Cos’è la congiuntivite infantile?
La congiuntivite infantile, come quella dell’adulto in generale, è un’infiammazione della congiuntiva, la sottile membrana trasparente che riveste la parte bianca dell’occhio e l’interno delle palpebre. È una condizione molto frequente nei bambini e può interessare uno o entrambi gli occhi.
Si distinguono diverse forme di congiuntivite infantile:
- congiuntivite virale
- congiuntivite batterica
- congiuntivite allergica
- congiuntivite del neonato
Nella maggior parte dei casi la congiuntivite non è grave, ma può essere molto contagiosa, soprattutto quando è causata da virus o batteri. Nei neonati, la comparsa di congiuntivite richiede sempre una valutazione medica tempestiva.
Quali sono le cause della congiuntivite infantile?
Le cause della congiuntivite nei bambini possono essere di tipo virale, batterica o allergica.
Congiuntivite virale: è la forma più comune in età pediatrica ed è spesso associata a raffreddore, mal di gola o altre infezioni delle vie respiratorie. Gli occhi appaiono arrossati e lacrimano molto. È una forma altamente contagiosa.
Congiuntivite batterica: è provocata da batteri e si manifesta spesso con secrezioni dense giallastre o verdastre che tendono a incollare le palpebre, soprattutto al risveglio. È facilmente trasmissibile.

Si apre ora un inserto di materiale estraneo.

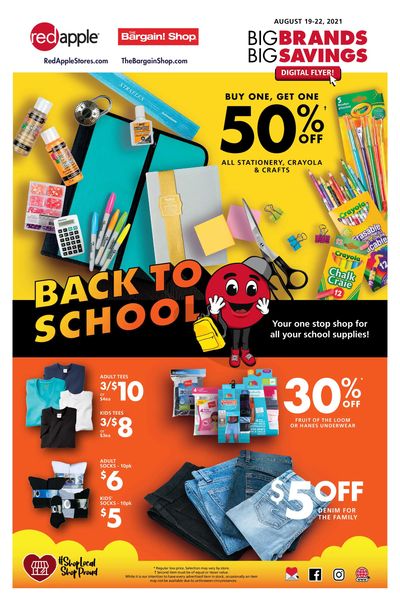 The Bargain Shop & Red Apple Stores Flyer August 19 to 22
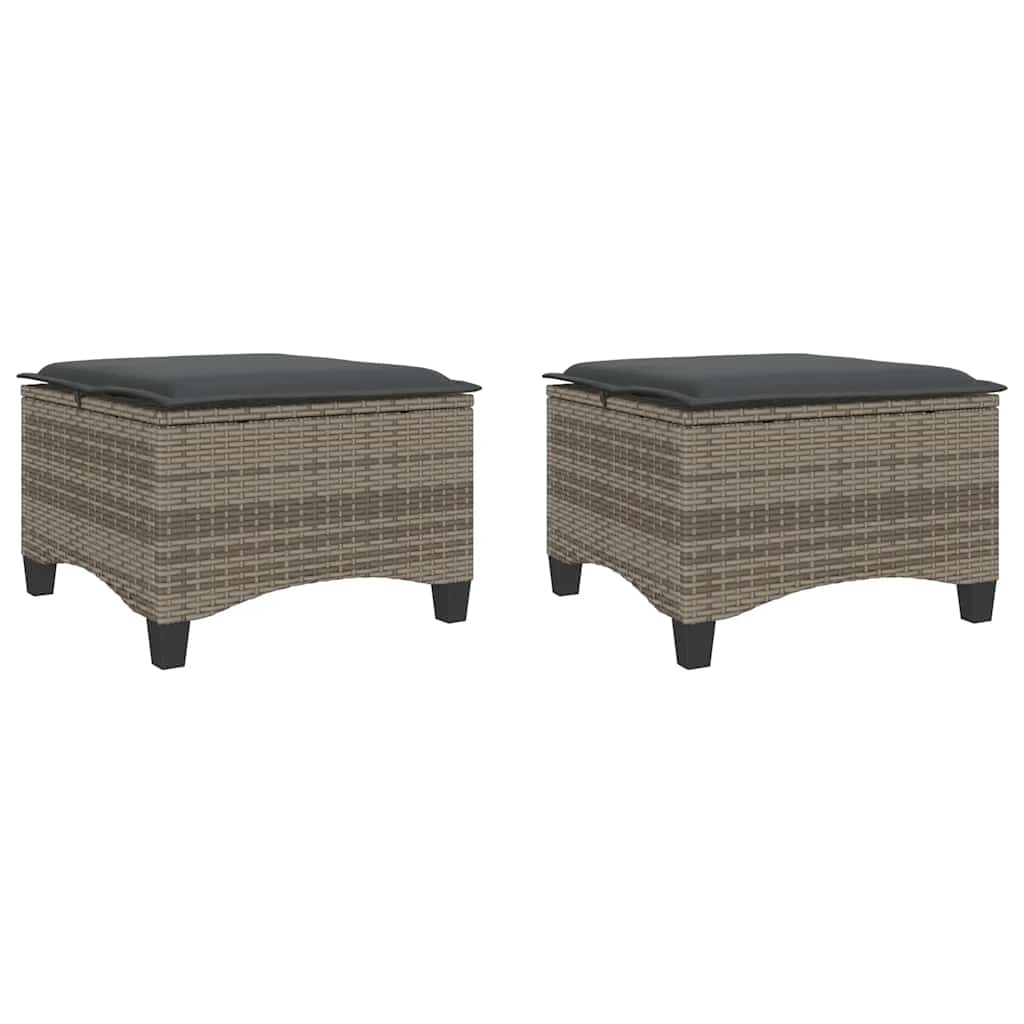 Vrtni tabure s jastucima 2 kom sivi 55x55x36 cm poliratan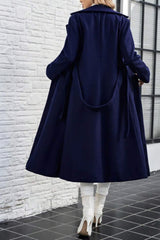Wool Lapel Long Belted Double Overcoat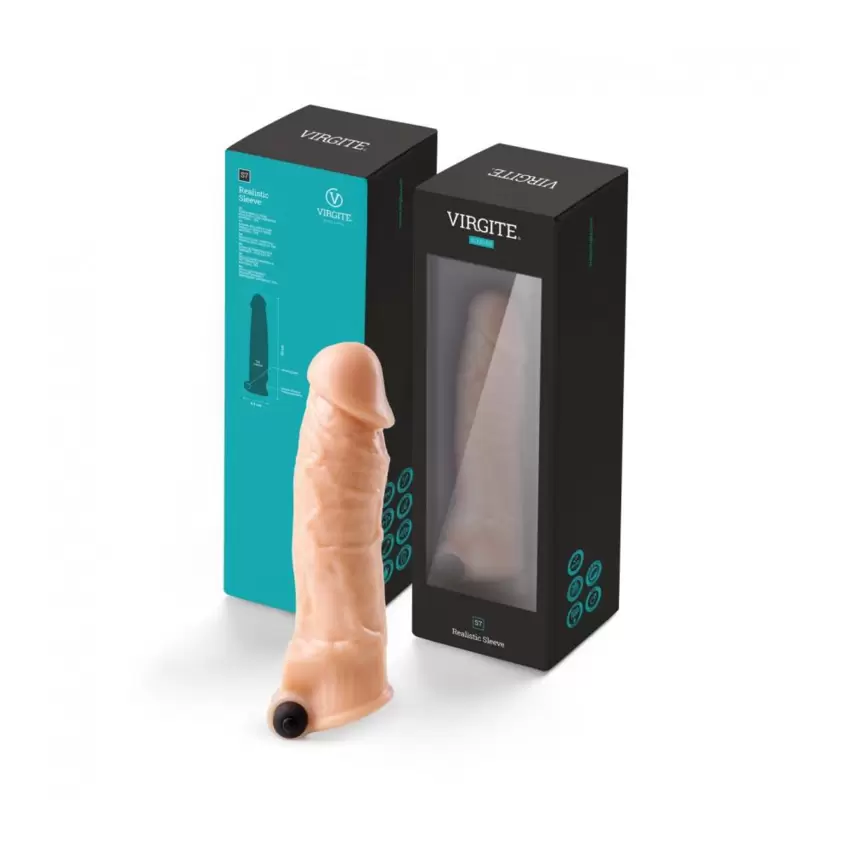 Virgite - Guaina Pene Realistica Vibrante S7 - 8  - Color Carne  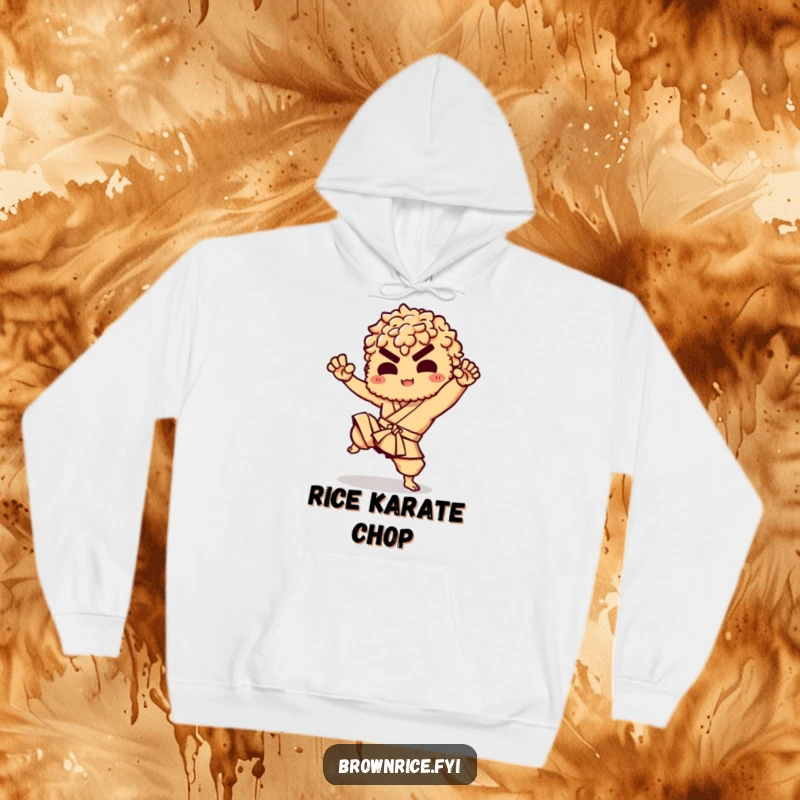 Funny hoodie showing a brown rice character performing a spirited martial arts kick, radiating power and humor.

Congiuntivite allergica: è legata all’esposizione ad allergeni come pollini, polvere, acari o peli di animali. Generalmente interessa entrambi gli occhi ed è accompagnata da prurito intenso, lacrimazione e talvolta starnuti o rinite allergica. Non è contagiosa.

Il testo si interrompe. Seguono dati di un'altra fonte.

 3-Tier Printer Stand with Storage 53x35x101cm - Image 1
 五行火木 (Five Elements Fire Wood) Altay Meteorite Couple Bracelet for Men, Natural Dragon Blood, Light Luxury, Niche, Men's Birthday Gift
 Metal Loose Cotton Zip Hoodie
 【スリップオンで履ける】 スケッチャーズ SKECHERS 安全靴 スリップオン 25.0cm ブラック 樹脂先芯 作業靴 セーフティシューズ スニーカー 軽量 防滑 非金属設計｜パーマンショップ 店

Una possibile causa può essere rappresentata da agenti irritanti fisici di diversa natura e, tra questi, una esposizione eccessiva ai raggi solari (congiuntivite da agenti chimici e fisici).

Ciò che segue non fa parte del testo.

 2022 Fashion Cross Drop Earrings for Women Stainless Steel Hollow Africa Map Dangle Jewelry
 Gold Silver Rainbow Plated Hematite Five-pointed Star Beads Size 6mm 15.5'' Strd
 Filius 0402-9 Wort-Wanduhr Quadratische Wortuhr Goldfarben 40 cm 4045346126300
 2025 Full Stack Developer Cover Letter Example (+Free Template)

Esiste una forma particolare di congiuntivite neonatale che può comparire nei primi giorni o settimane di vita a causa di
- infezioni trasmesse durante il parto;
- irritazione dovuta ai colliri profilattici usati alla nascita;
- ostruzione del dotto lacrimale.
Alcune infezioni neonatali, come quelle da clamidia o gonorrea, possono essere serie e richiedono trattamento immediato.
Quali sono i sintomi della congiuntivite infantile?
I sintomi della congiuntivite nel bambino possono variare in base alla causa, ma i più comuni sono:
- arrossamento dell’occhio;
- gonfiore delle palpebre;
- lacrimazione;
- secrezioni oculari;
- crosticine sulle ciglia;
- sensazione di bruciore o fastidio;
- prurito;
- sensibilità alla luce.
Nei bambini piccoli può comparire irritabilità, mentre i neonati possono presentare occhi gonfi, arrossati e secrezioni abbondanti già nei primi giorni di vita.
Come si diagnostica la congiuntivite infantile?
La diagnosi di congiuntivite nel bambino viene generalmente effettuata dal pediatra o dall’oculista attraverso la visita clinica e l’osservazione dei sintomi.
Nei neonati e in caso di infezione grave, sintomi persistenti, sospetta infezione batterica, può essere necessario prelevare un campione della secrezione oculare per identificare il microrganismo responsabile.
Come si cura la congiuntivite infantile?
Il trattamento dipende dalla causa della congiuntivite. In generale, la congiuntivite virale non richiede trattamenti perché si risolve spontaneamente (gli antibiotici non sono utili nelle infezioni virali). Tuttavia, possono essere d’aiuto:
- impacchi freddi;
- lavaggi oculari;
- lacrime artificiali;
- una corretta igiene delle mani.
La congiuntivite batterica può richiedere colliri o pomate antibiotiche prescritti dal medico. La terapia aiuta a ridurre la durata dell’infezione e il rischio di contagio.
Il trattamento della congiuntivite allergica consiste soprattutto nell’evitare l’allergene responsabile. In alcuni casi il medico può consigliare colliri antistaminici o altri farmaci specifici.
La congiuntivite del neonato, invece, deve sempre essere valutata rapidamente dal pediatra. In presenza di infezioni batteriche possono essere necessari antibiotici locali, orali o per via endovenosa, a seconda del germe coinvolto e della gravità dell’infezione.
Si può prevenire la congiuntivite infantile?
Alcune misure possono aiutare a ridurre il rischio di contagio:
- lavare spesso le mani;
- evitare di toccarsi o strofinarsi gli occhi;
- non condividere asciugamani, cuscini o fazzoletti;
- pulire frequentemente giochi e superfici;
- sostituire regolarmente asciugamani e biancheria.
Nei neonati, la prevenzione passa anche attraverso i controlli in gravidanza e la profilassi oculare effettuata subito dopo la nascita.